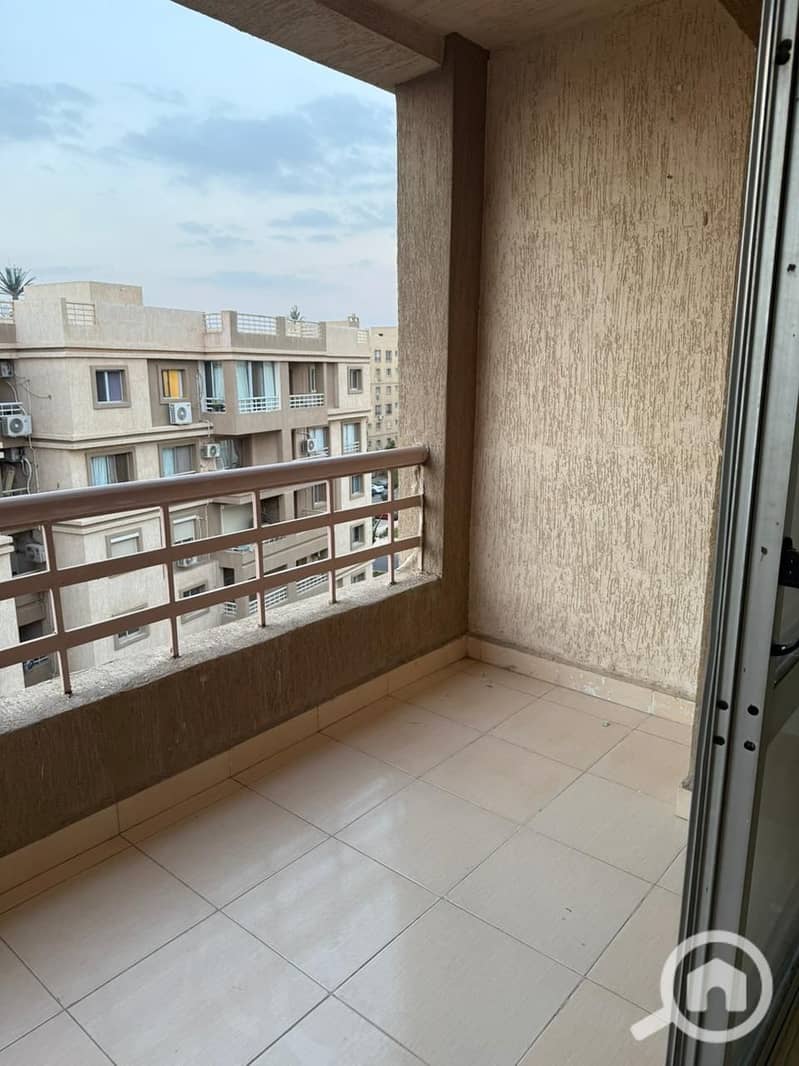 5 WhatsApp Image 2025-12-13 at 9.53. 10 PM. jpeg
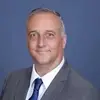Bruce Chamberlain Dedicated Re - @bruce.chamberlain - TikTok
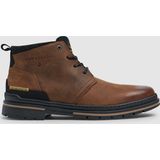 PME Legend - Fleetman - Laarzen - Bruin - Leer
--
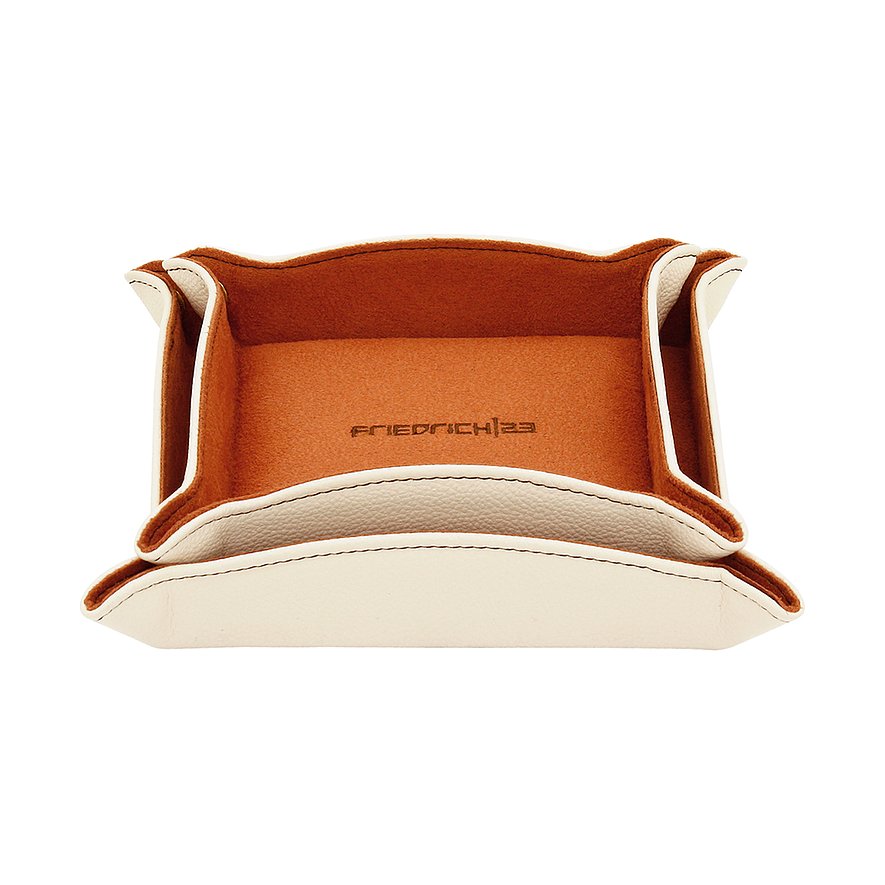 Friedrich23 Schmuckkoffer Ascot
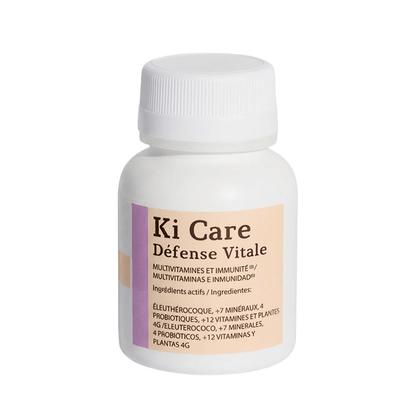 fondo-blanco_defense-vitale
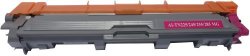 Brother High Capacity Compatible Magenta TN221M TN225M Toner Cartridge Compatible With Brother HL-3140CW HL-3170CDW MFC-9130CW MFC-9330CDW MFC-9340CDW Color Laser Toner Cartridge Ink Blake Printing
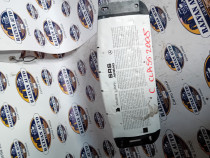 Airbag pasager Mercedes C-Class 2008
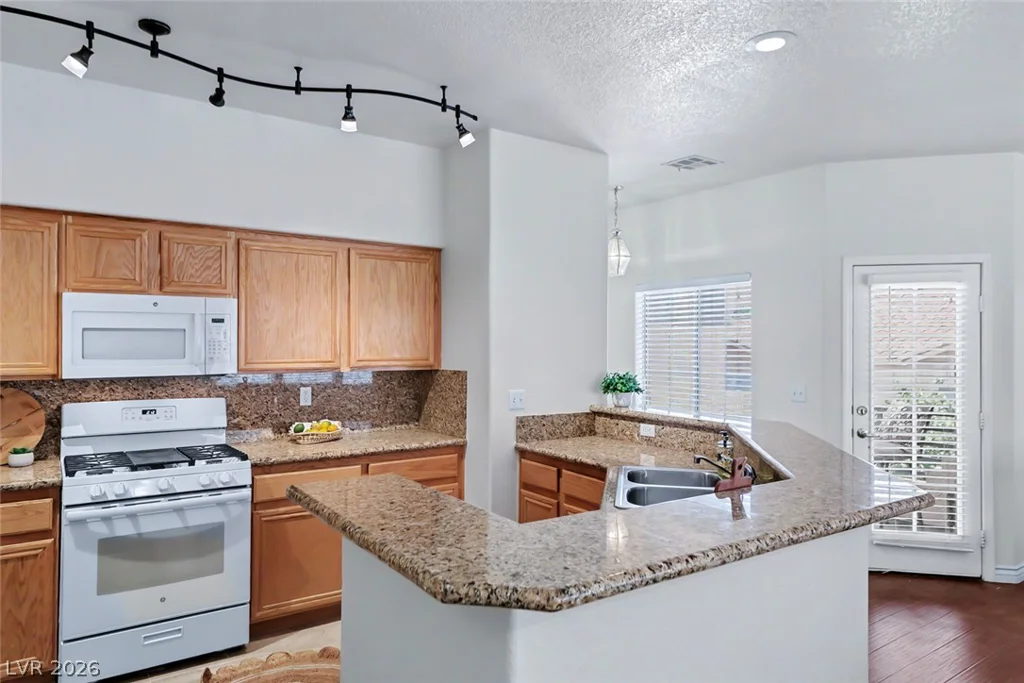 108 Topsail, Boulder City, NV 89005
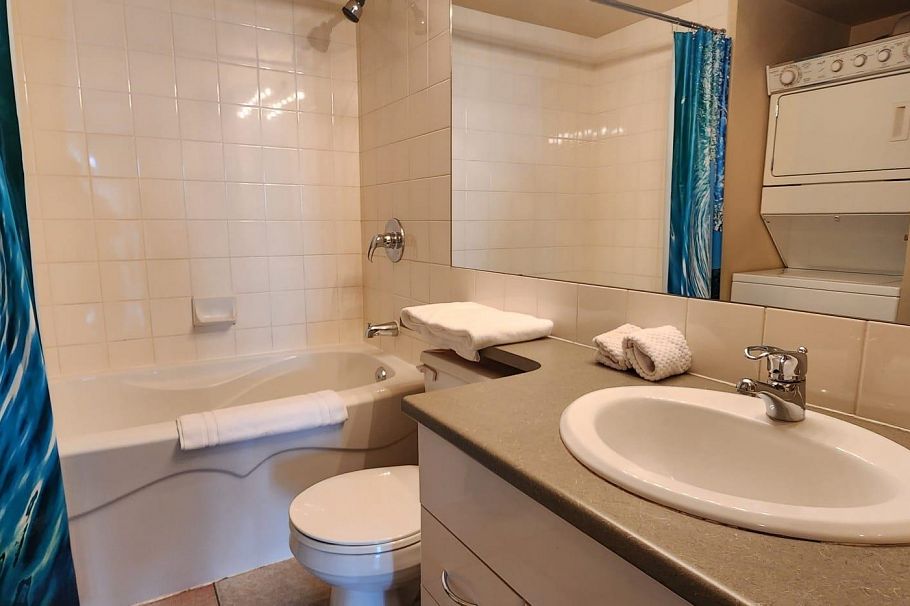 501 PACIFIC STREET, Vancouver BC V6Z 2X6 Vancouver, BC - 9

### PROBLEM TO SOLVE
Return exactly the stretch above whose first line contains "108 Topsail, Boulder City, NV 89005" and whose last line contains "501 PACIFIC STREET, Vancouver", and nothing outside it. The pictures should not appear.

### FINISHED EXERCISE
 108 Topsail, Boulder City, NV 89005
 501 PACIFIC STREET, Vancouver BC V6Z 2X6 Vancouver, BC - 9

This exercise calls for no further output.